Respons Erick Thohir Soal Rangkap Jabatan Wakil Kepala BP Danantara dengan Dirut PAL

JAKARTA – Menteri Badan Usaha Milik Negara (BUMN) Erick Thohir membuka pernyataan masalah status Kaharuddin Djenod Daeng Manyambeang yang digunakan menduduki dua kedudukan sekaligus, yakni Wakil Kepala Badan Pengelola Penyertaan Modal Daya Anagata Nusantara ( BP Danantara ) kemudian Direktur Utama PT PAL Indonesia (Persero).
Selaku pemegang saham PAL Indonesia, Erick mengatakan Kementerian BUMN akan melaksanakan Rapat Umum Pemegang Saham (RUPS), sehingga pergantian majelis direksi lalu komisaris diadakan di forum itu.
Soal Kaharuddin akan datang dicopot sebagai Direktur Utama PAL pada waktu RUPS, Erick Thohir enggan menjawab. Justru beliau menegaskan, bahwa inovasi bos PAL Indonesia harus dikoordinasikan dengan Menteri Perlindungan (Menhan), Sjafrie Sjamsoeddin.
“Biasanya kalau untuk bidang pertahanan nanti kita koordinasi dengan Menteri Pertahanan, tapi menghadapi instruksi bapak Presiden, itu terus-menerus begitu,” ujar Erick Thohir pada waktu ditemui di area Gedung Kementerian BUMN, Selasa (19/11/2024).
Kaharuddin menjabat sebagai Direktur Utama PAL Indonesia sejak April 2021 lalu hingga ketika ini. Sementara jabatan Wakil Kepala BP Danantara mulai diemban pada Oktober tahun ini. Letak Wakil Kepala BP Danantara ditunjuk dengan segera oleh Presiden Prabowo Subianto.
Untuk diketahui, PAL Indonesia merupakan BUMN yang mana fokus di dalam galangan kapal. Perusahaan dipercaya mendirikan serta rancang-bangun kapal konflik lalu kapal niaga.

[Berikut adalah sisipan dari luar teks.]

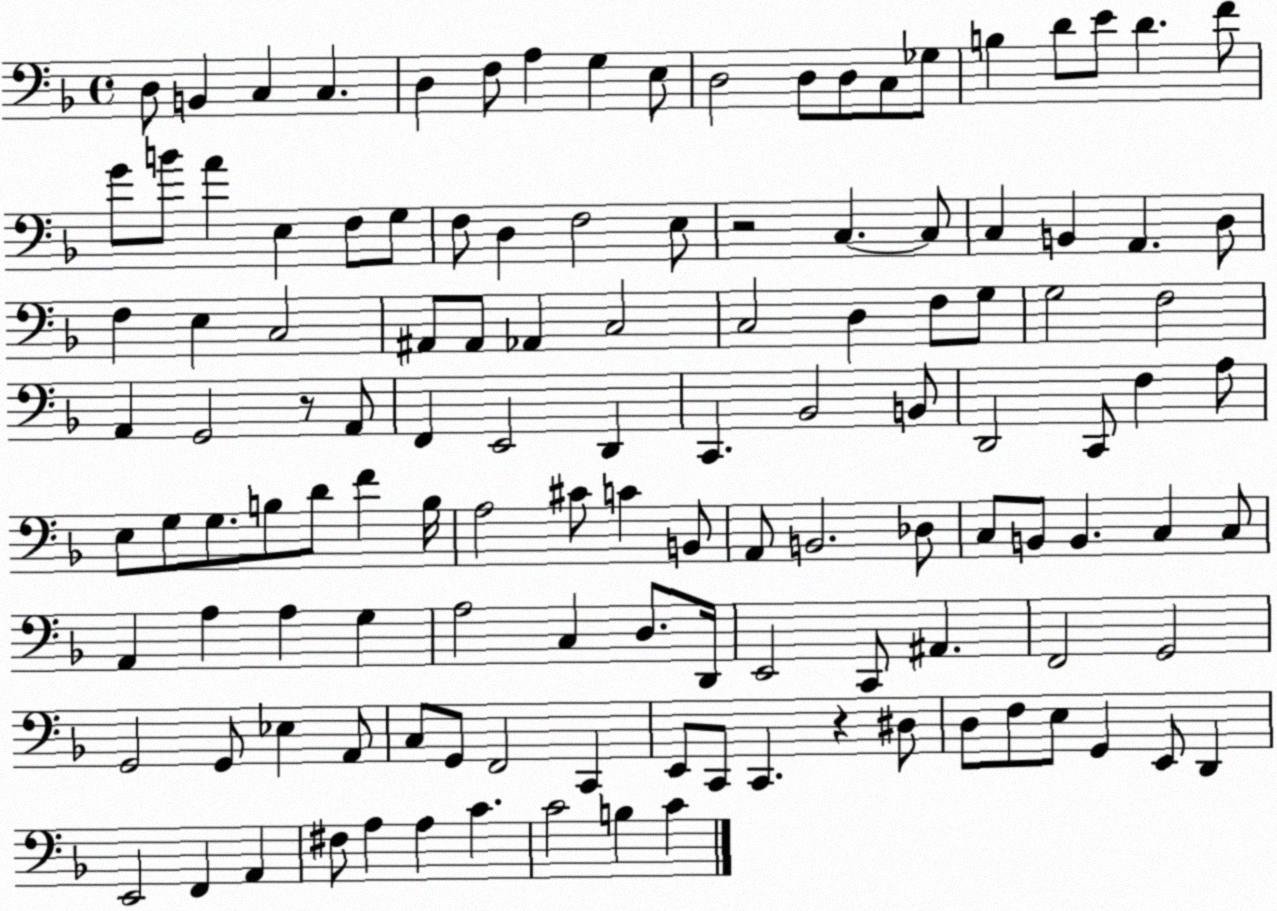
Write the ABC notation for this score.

X:1
T:Untitled
M:4/4
L:1/4
K:F
D,/2 B,, C, C, D, F,/2 A, G, E,/2 D,2 D,/2 D,/2 C,/2 _G,/2 B, D/2 E/2 D F/2 G/2 B/2 A E, F,/2 G,/2 F,/2 D, F,2 E,/2 z2 C, C,/2 C, B,, A,, D,/2 F, E, C,2 ^A,,/2 ^A,,/2 _A,, C,2 C,2 D, F,/2 G,/2 G,2 F,2 A,, G,,2 z/2 A,,/2 F,, E,,2 D,, C,, _B,,2 B,,/2 D,,2 C,,/2 F, A,/2 E,/2 G,/2 G,/2 B,/2 D/2 F B,/4 A,2 ^C/2 C B,,/2 A,,/2 B,,2 _D,/2 C,/2 B,,/2 B,, C, C,/2 A,, A, A, G, A,2 C, D,/2 D,,/4 E,,2 C,,/2 ^A,, F,,2 G,,2 G,,2 G,,/2 _E, A,,/2 C,/2 G,,/2 F,,2 C,, E,,/2 C,,/2 C,, z ^D,/2 D,/2 F,/2 E,/2 G,, E,,/2 D,, E,,2 F,, A,, ^F,/2 A, A, C C2 B, C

Selain itu juga, maintenance, repair, and overhaul (MRO) kapal selam, MRO kapal perang, kapal niaga, hasil kemaritiman, general engineering item energi lalu elektrifikasi, juga technology development.
Sementara BP Danantara diproyeksikan menjadi BUMN. Badan baru ini menjadi kaki tangan Presiden untuk mengurus penanaman modal lalu manajemen aset non APBN.